Visual impairment among older adults associated with poor cognitive function
The number of individuals in the U.S. with vision problems is anticipated to double by 2050. Visual dysfunction and poor cognition are highly prevalent among older adults; however, the relationship is not well defined. Suzann Pershing, M.D., M.S., of the Stanford University School of Medicine, Palo Alto, Calif., and colleagues conducted an analysis of two national data sets, the National Health and Nutrition Examination Survey (NHANES), 1999-2002, and the National Health and Aging Trends Study (NHATS), 2011-2015, to examine the association of measured and self-reported visual impairment (VI) with cognition in older US adults.

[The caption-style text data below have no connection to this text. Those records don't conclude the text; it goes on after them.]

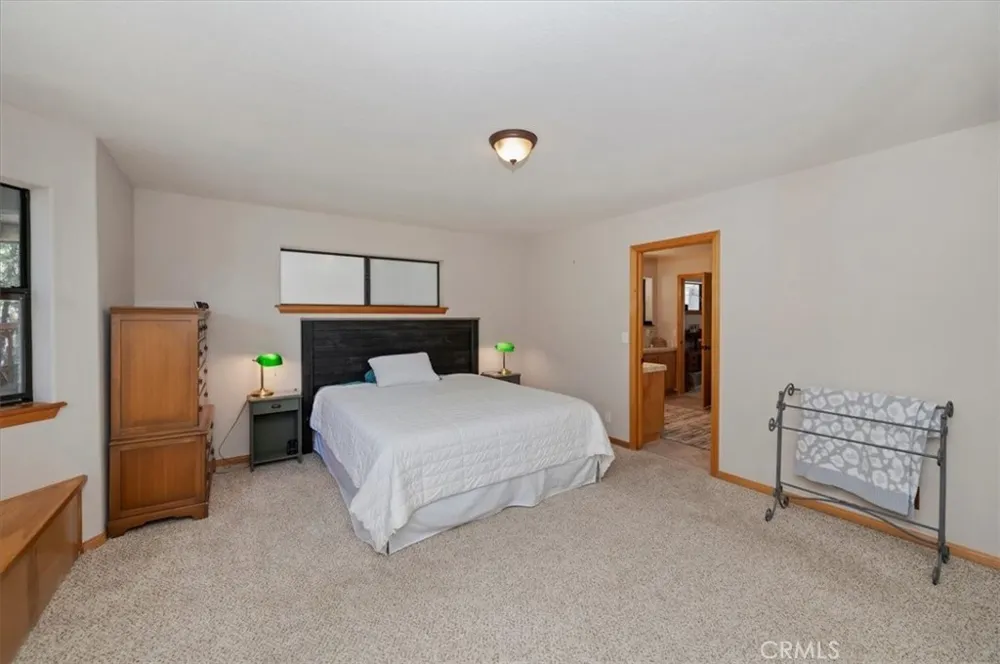 31310 Oakleaf Running Springs, CA 92382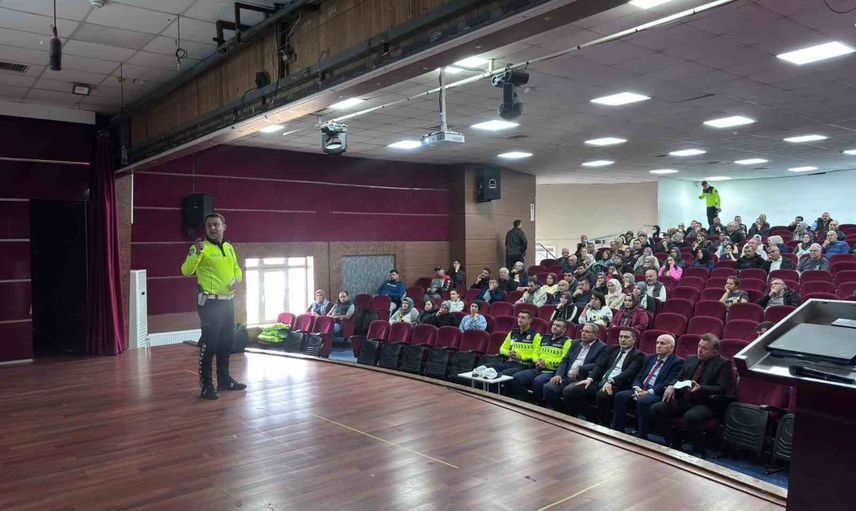 Uşak'ta okul servislerinde güvenlik bilinci yükseliyor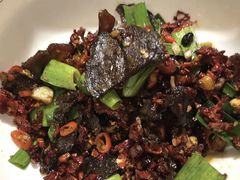 大蒜炒腊牛肉-农耕记·湖南土菜(halo广场店)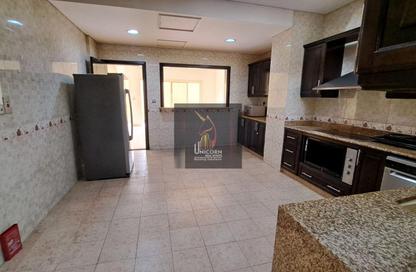 مجمع سكني - 5 غرف نوم - 6 حمامات للايجار في المسيلة - المسيلة - الدوحة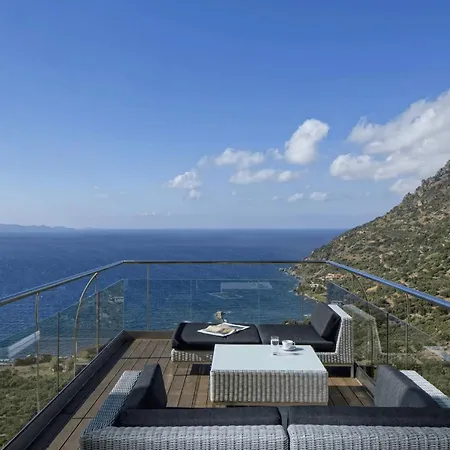 Beachfront Ravdoucha Epavlis Eleni - Pool, Hot Tub, Gym, Sauna, Private Parking, Wifi * Hriszí Aktí Haniá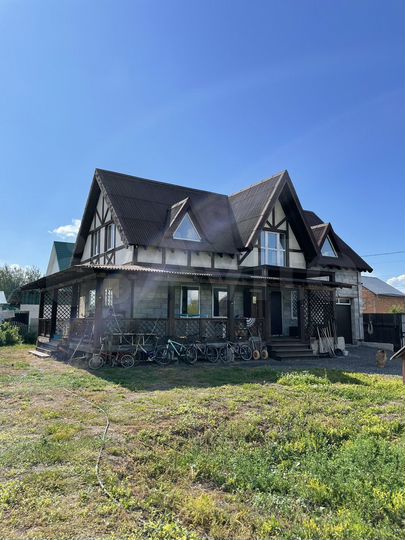 Дом 179 м² на участке 14 сот.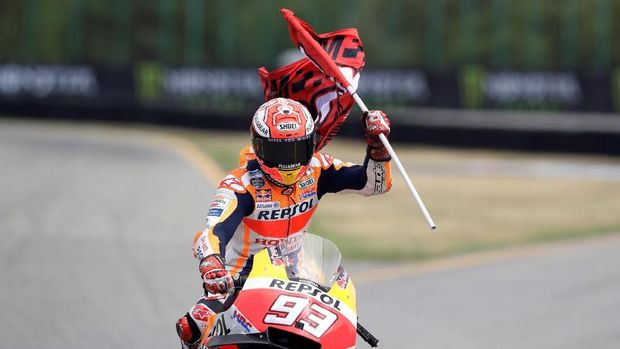 Marc Marquez masih berada di posisi teratas klasemen sementara. (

The NHANES included 2,975 respondents, ages 60 years and older, who completed a test measuring cognitive performance. The NHATS included 30, 202 respondents ages 65 years and older with dementia status assessment. The researchers found that VI was significantly associated with worse cognitive function after adjusting for demographics, health, and other factors. These findings were most pronounced for visual acuity measured at distance and by self-report.
Medical research and improvement is something very relevant to any aging adult. Since it is part of the aging process, being as educated as possible can help in improving different areas of life as we all get older. Cognitive function is relevant to senior living in Denver and can be improved upon as more research becomes available.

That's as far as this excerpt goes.